Programming adventures

Guard clauses without test coverage, a common TDD pitfall

Today I wanted to blog about a little mistake which can easily creep into otherwise good TDD practices.

For this demo I'd like to start with an empty unit test project and initialize a subject under test. Then I add enough code to make the solution build:

namespace MyClassLibrary
{
    public class DomainClass { }

    [TestFixture]
    public class DomainClassTests
    {
        [Test]
        public void Test1()
        {
            var sut = new DomainClass();
        }
    }
}

For this example the method under test will have some very trivial business logic:

  1. Accept an argument
  2. Check if the argument is NULL and return early, otherwise proceed
  3. Call into a dependency
  4. Return a result

Let's finish the first test by checking for the simple case of a NULL argument:

[TestFixture]
public class DomainClassTests
{
    [Test]
    public void DoSomeWork_With_Null_Input_Will_Return_Null()
    {
        // Arrange
        var sut = new DomainClass();

        // Act
        var actual = sut.DoSomeWork(null);

        // Assert
        Assert.IsNull(actual);
    }
}

In true TDD practise you'd write just enough code to compile the project first, then let the test fail and at last return null to make it pass:

public class DomainClass
{
    public object DoSomeWork(object arg)
    {
        return null;
    }
}

However, at this point I have often seen developers implememnt a little bit more code than actually required by the test:

public class DomainClass
{
    public object DoSomeWork(object arg)
    {
        // This guard clause has not been enforced by a particular unit test yet:
        if (arg == null)
            return null;

        return input;
    }
}

It is very tempting to write a bit more code if you already know what the desired end result should look like. Guard clauses are so trivial that it makes it a very common mistake.
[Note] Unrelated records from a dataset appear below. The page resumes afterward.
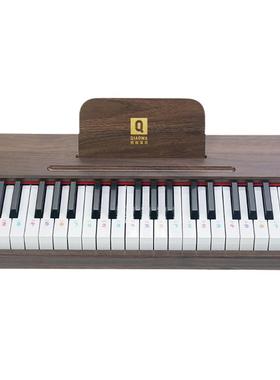 俏娃儿童木质钢琴电子琴初学女孩玩具宝宝乐器启蒙礼物37键入门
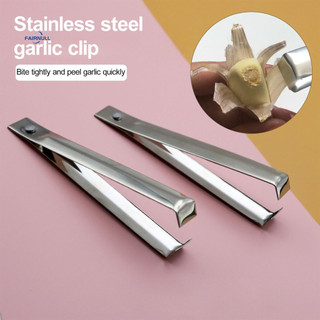 FAIRNULL 2 Chiếc Nhíp Xương Cá Bộ Thép Không Gỉ Tỏi Nhíp Tẩy Dụng Cụ Chống Rỉ Sét Tỏi Lột Kẹp Tiện Ích Nhà Bếp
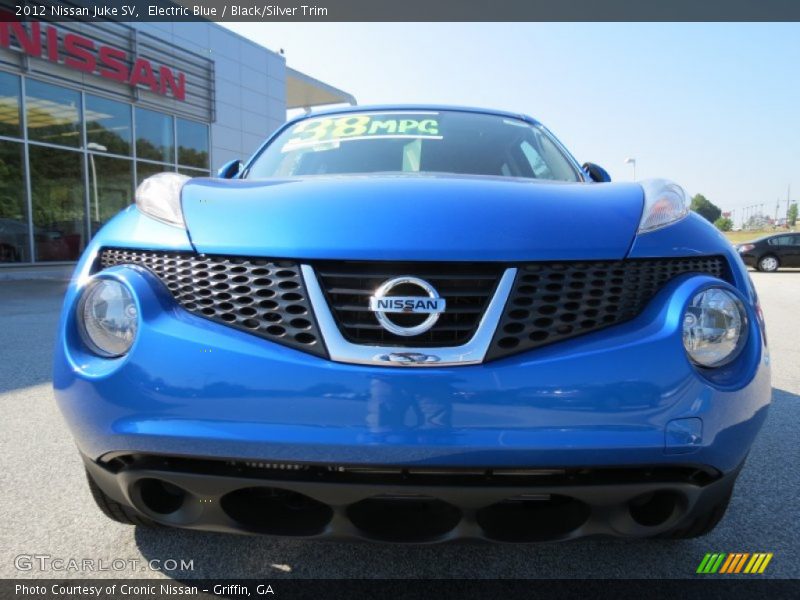 Electric Blue / Black/Silver Trim 2012 Nissan Juke SV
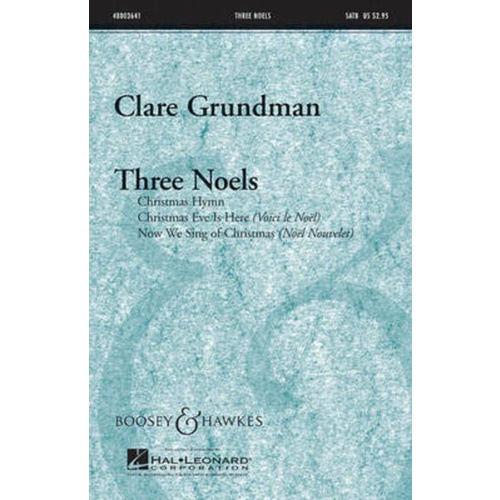 3 Noels Cndnsd Sco Piano Book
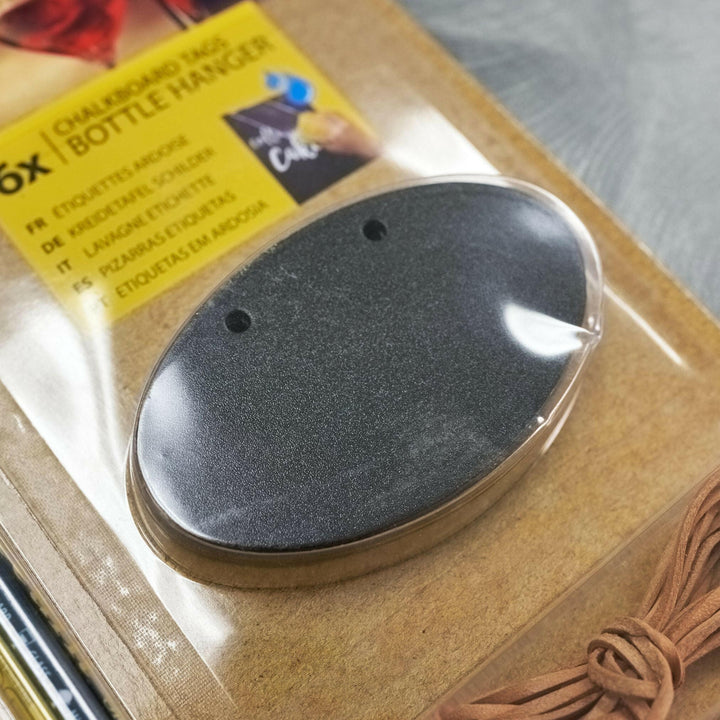 American Metalcraft TAGBOTTLE Chalk Board Bottle Tag Hanger 6 Pack American Metalcraft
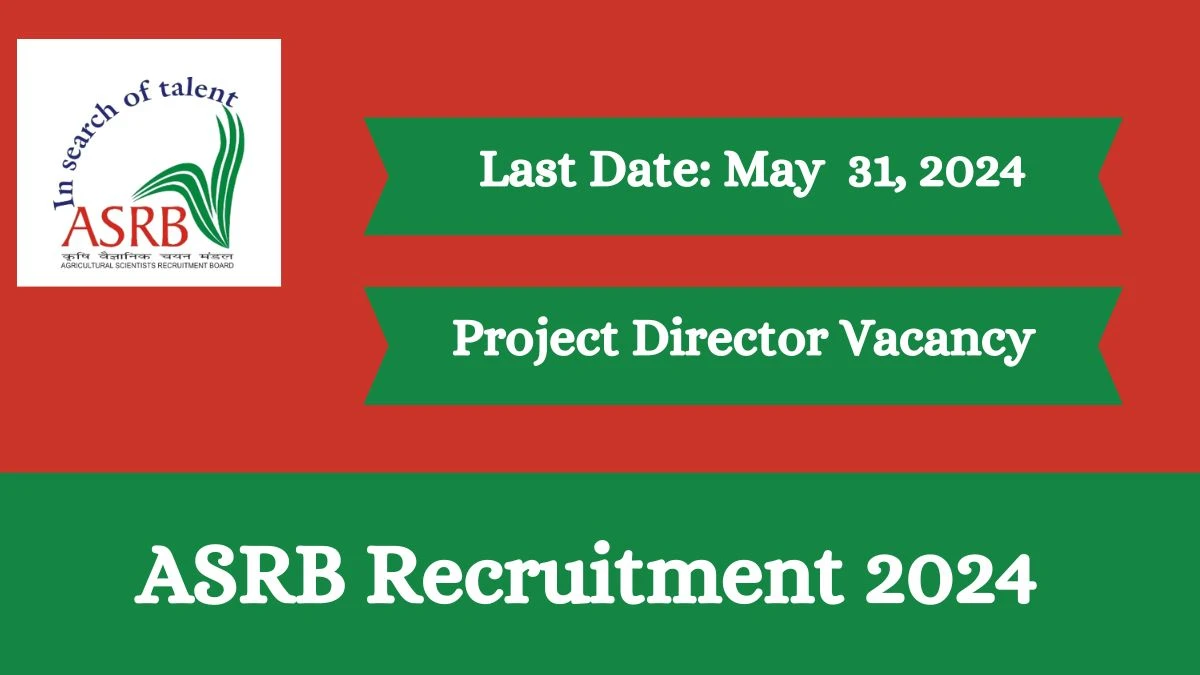 ASRB Recruitment 2024 New Opportunity Out, Check Post, Eligibility Criteria, Salary And Procedure To Apply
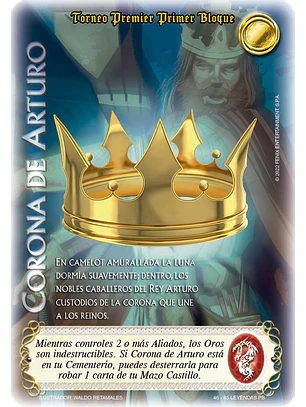 Corona de Arturo (Torneo Premier 2023 - Aniversario Espada Sagrada)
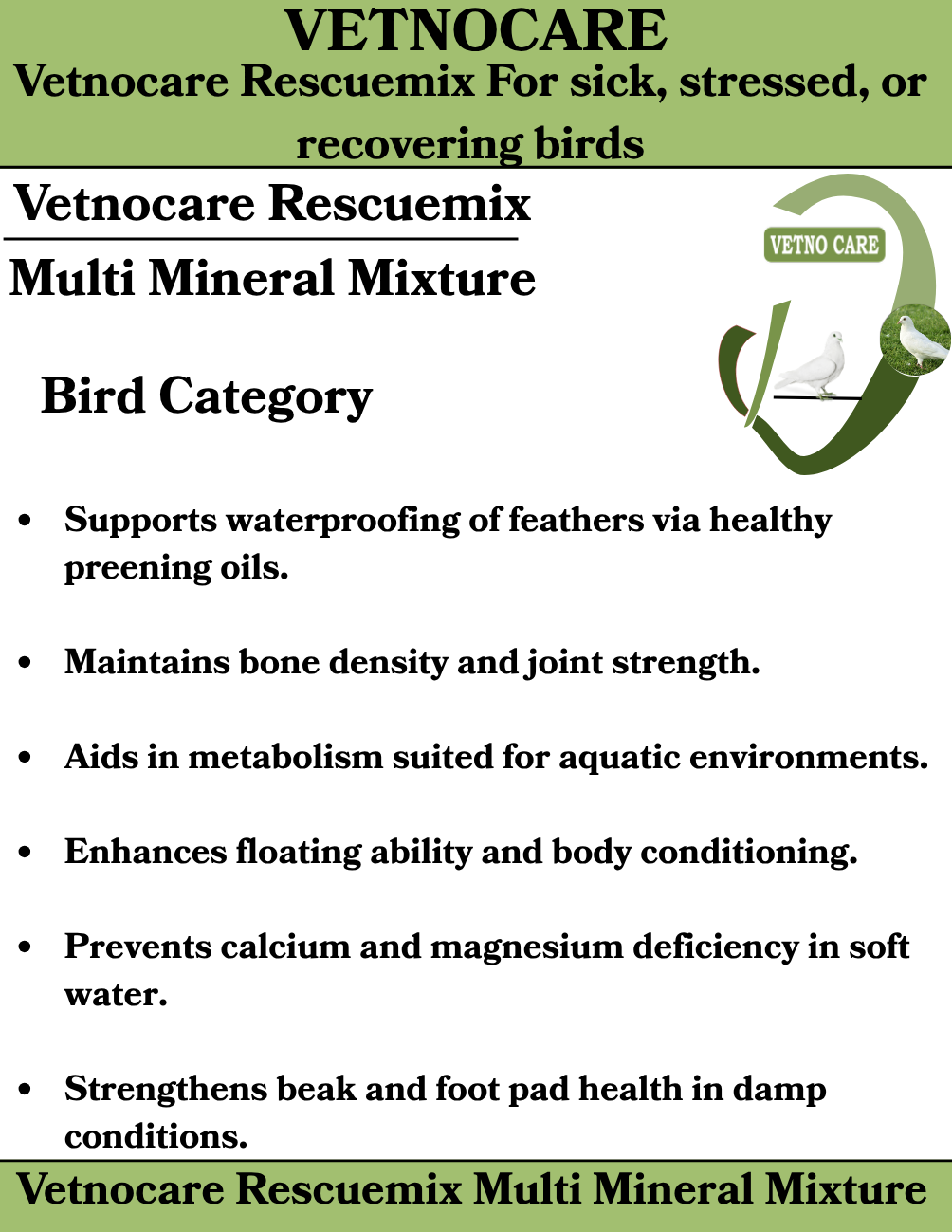Vetnocare Rescuemix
Someone might argue that the code is justified, because if you comment out the if statement the test will fail.

This is not true though, because the entire condition as a whole is not required yet and as we have proven above, a simple return null; statement satisfies the test as well.

This little mistake seems very harmless now, but it could inroduce a potential NullReferenceException later in the project when the first developer starts to re-factor code and remove redundant code.

This will essentially happen when we continue implementing the remaining unit tests and business logic for the method under test:

public object DoSomeWork(object arg)
{
    if (arg == null)
        return null;

    var result = _dependecy.ProcessData(arg);
    return result;
}

Now at this point I could delete the if statement together with the "return null" and the first test will still succeed:

public object DoSomeWork(object arg)
{
    // if (input == null)
    //    return null;

    var result = _dependecy.ProcessData(arg);
    return result;
}

Why? Well because in the first test we didn't set up a stub for the dependency yet:

[TestFixture]
public class DomainClassTests
{
    [Test]
    public void DoSomeWork_With_Null_Input_Will_Return_Null()
    {
        // Arrange
        var sut = new DomainClass();

        // Act
        var actual = sut.DoSomeWork(null);

        // Assert
        Assert.IsNull(actual);
    }
}

It means that var result = _dependecy.ProcessData(arg); will return null and make the test go green.

This is why it is best to not introduce little short cuts in TDD and be careful during your code reviews as well!